Wednesday, 14 October 2009

The graphic mashup, or branding sample, is back in the news. As I posted earlier this year, a furniture shop in Edinburgh used a brilliant IKEA mashup, featuring the wordplay 'IKANA' as part of their summer sale campaign.

And now, none other than the Sex Pistols are threatening legal action against an ice-cream company who have produced an advert borrowing heavily from Jamie Reid's famous God Save the Queen artwork of 1977 -

God Save the Queen

'Icecreamists', as they amusingly call themselves, are the company behind the ad campaign. They are using the strapline "God Save the Cream" on a black and pink sample which bears a noticeable resemblance to the aforementioned famous 7" single sleeve, and mimicks the Pistols visual imagery in general. Sounds great, and it doesn't look too bad either :

God Save the Cream

From what I've read, Icecreamists are running a concession within the Selfridges storefront on Oxford Street, central London, until November. They describe their company as a "subversive ice-cream brand", and one of their products is an ice-cream cocktail called the Sex Pistol, which comes with a shot of absinthe.

So far, I am liking this company a lot.

Which is why it's so disappointing to hear that the Sex pistols, who championed the do-it-yourself ethos, and made getting banned the essential punk credential, are now attempting to ban somebody who has subverted them.

Lawyers representing the band (further gasps and gobs of incredulity) have written to Icecreamists demanding that they stop using the Sex Pistols-related strapline and imagery on all their promotional material.

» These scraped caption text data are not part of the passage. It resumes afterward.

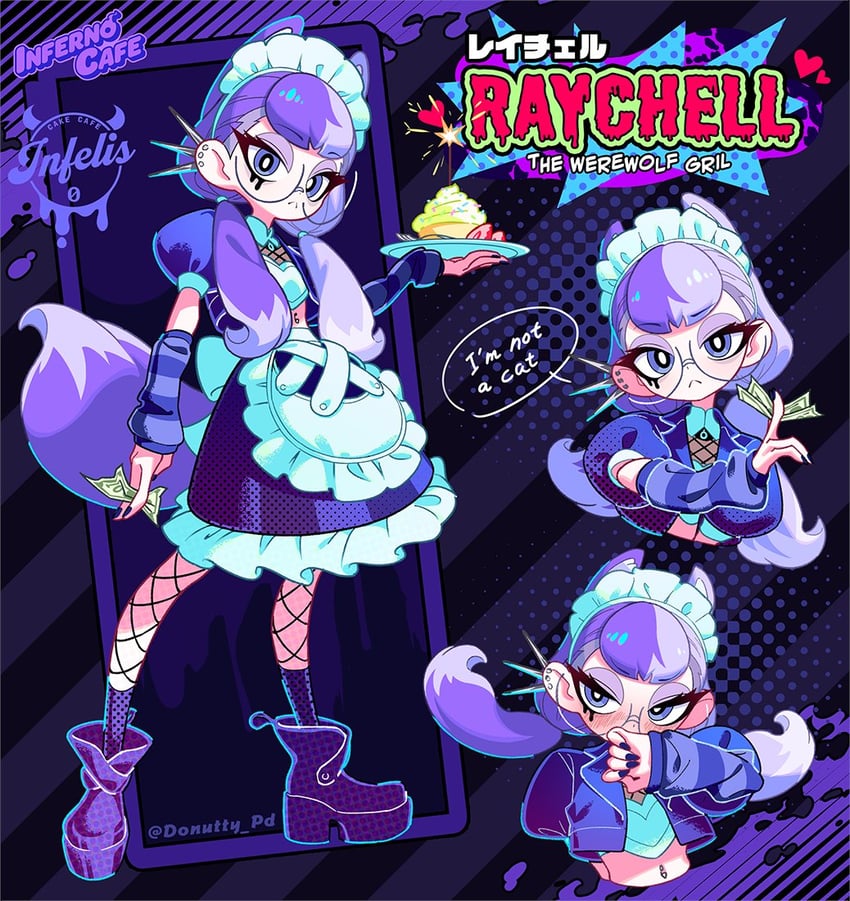 raychell (original and 1 more) drawn by donuttypd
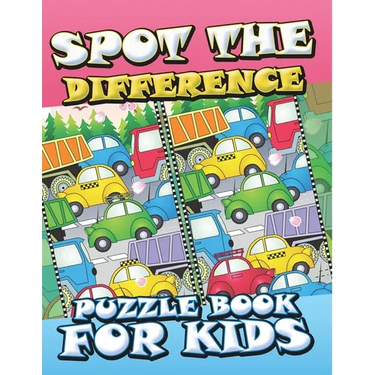Spot the Difference Puzzle Book for Kids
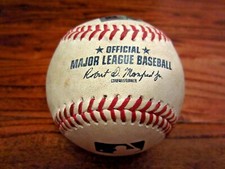 Yermin Mercedes White Sox Game Used Baseball 6/20/2021 vs Astros Hit GO + Lamb K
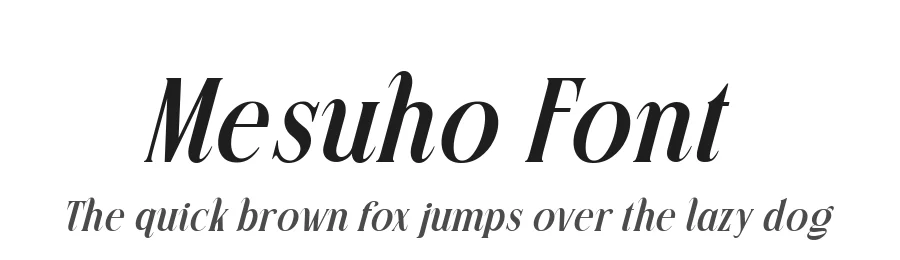 Mesuho Font by alit design — Serif Font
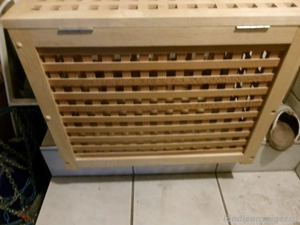 Wäschekorb aus Holz  Bild 4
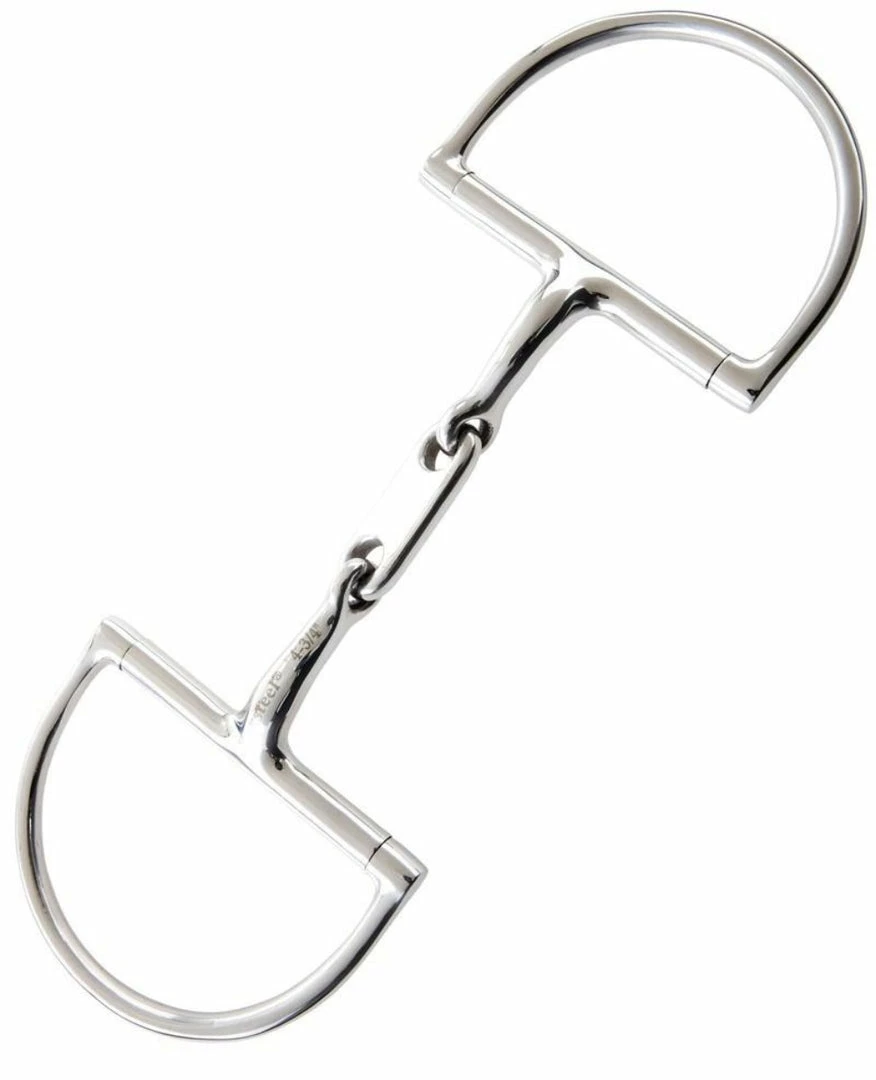 Weatherbeeta JP Korsteel Stainless Steel Dr Bristol Hunter Dee Ring Snaffle Bit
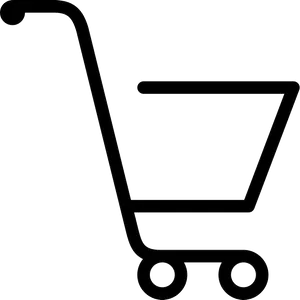 Shopping Cart Outline Graphic PNG Image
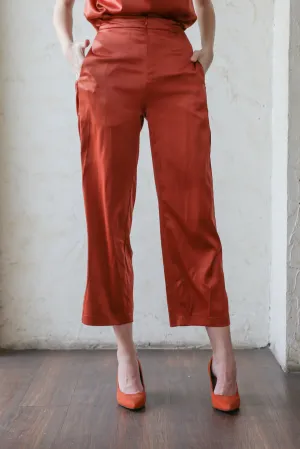 XU PANTS IN DARK PERSIMMON
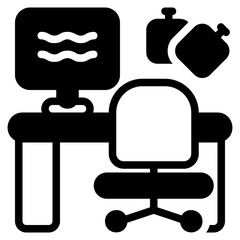  Workspace black style icon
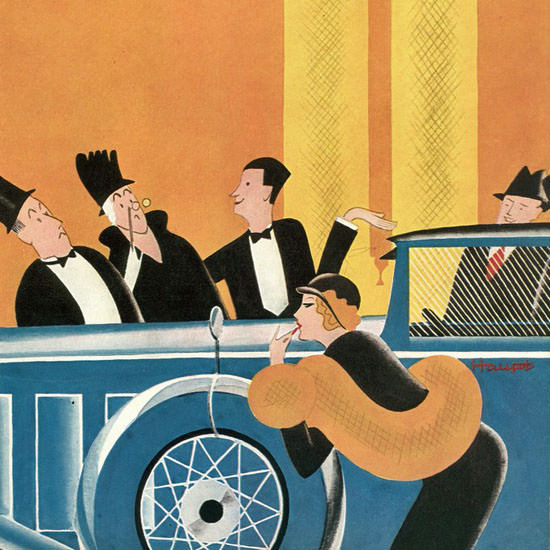 Theodore G Haupt The New Yorker 1932_01_09 Copyright crop | Best of 1930s Ad and Cover Art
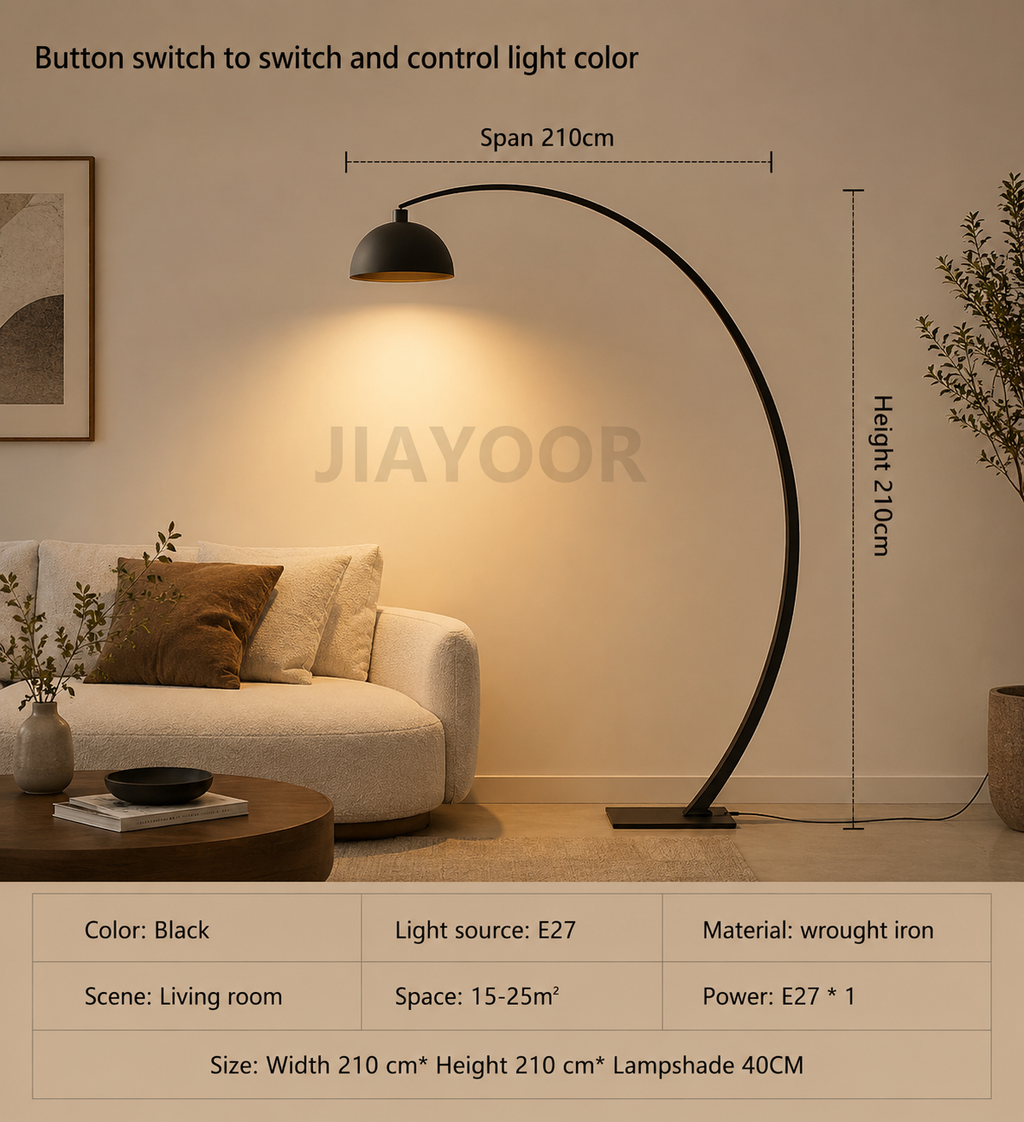 Modern Arc Floor Lamp – Minimalist Statement Lighting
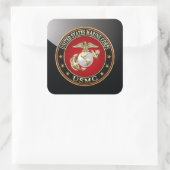 USMC EGA [Special Edition] [3D] Quadratischer Aufkleber (Tasche)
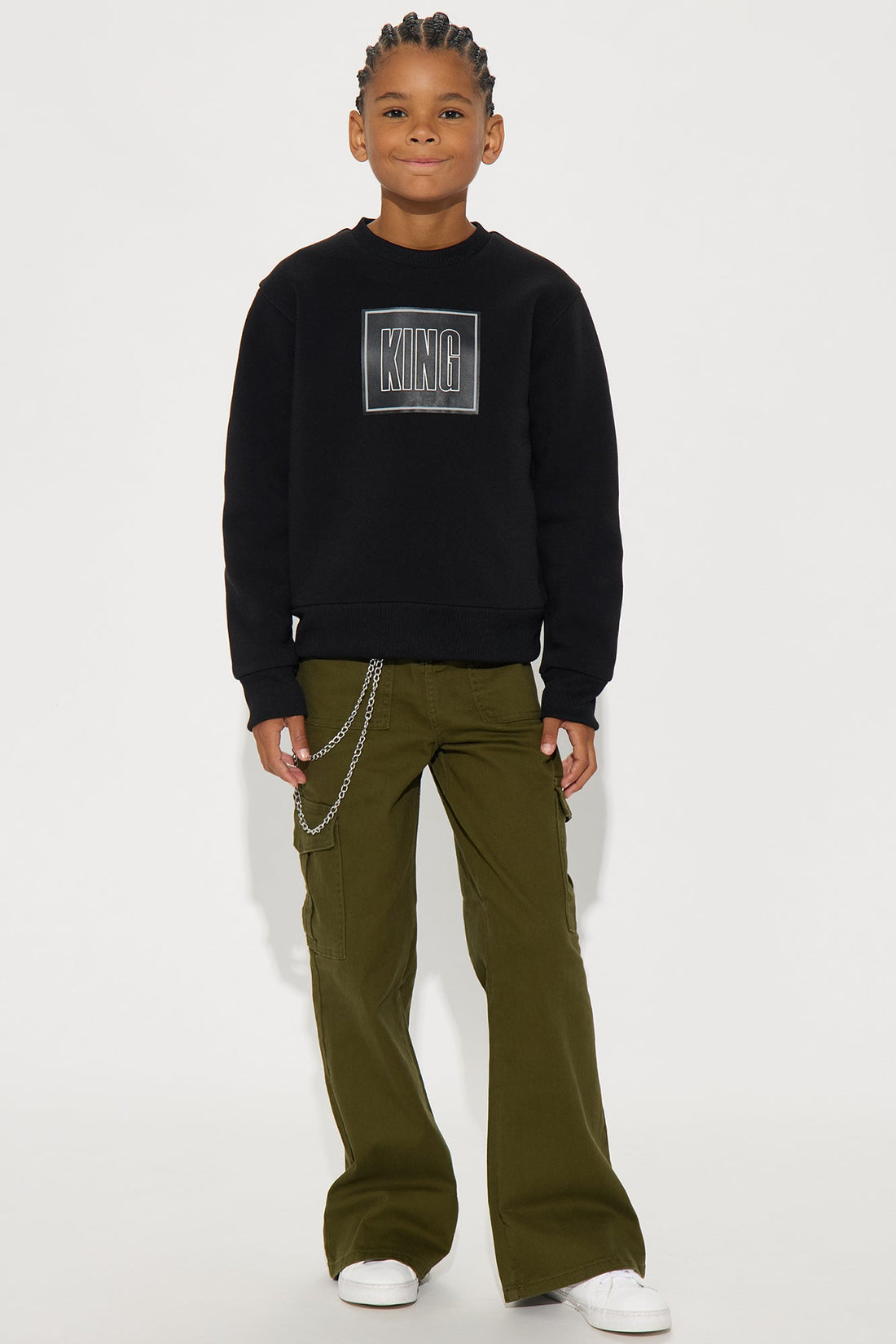 Mini Still A King Crew Neck Sweatshirt - Black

God only knows how much the Pistols, Lydon in particular, has made in royalty rights from music, posters and everything else that has been flogged to death since the band's demise in 1978. Of course the whole concept the band were responsible for creating has by-and-large been swallowed up by modern commercialism, and this saga should actually be welcomed as a breath of fresh air to the originators.

Which brings us to the real crux of the matter.

Nowadays, what's rotten about Johnny isn't his teeth, or his hair, or his snarl, but his penchant for embarrassing publicity stunts. These include appearing in a £5m TV campaign for the Country Life butter, getting marooned in a reality TV show, and reforming the Pistols as a novelty stadium band - giving performances where he spends half the time boasting about being 50 and having a beer belly (see Julien Temple's film of the Pistols Reunion Live in London, 2008).

Only the music remains now, and of course the imagery, which has a life of its own and belongs to us all.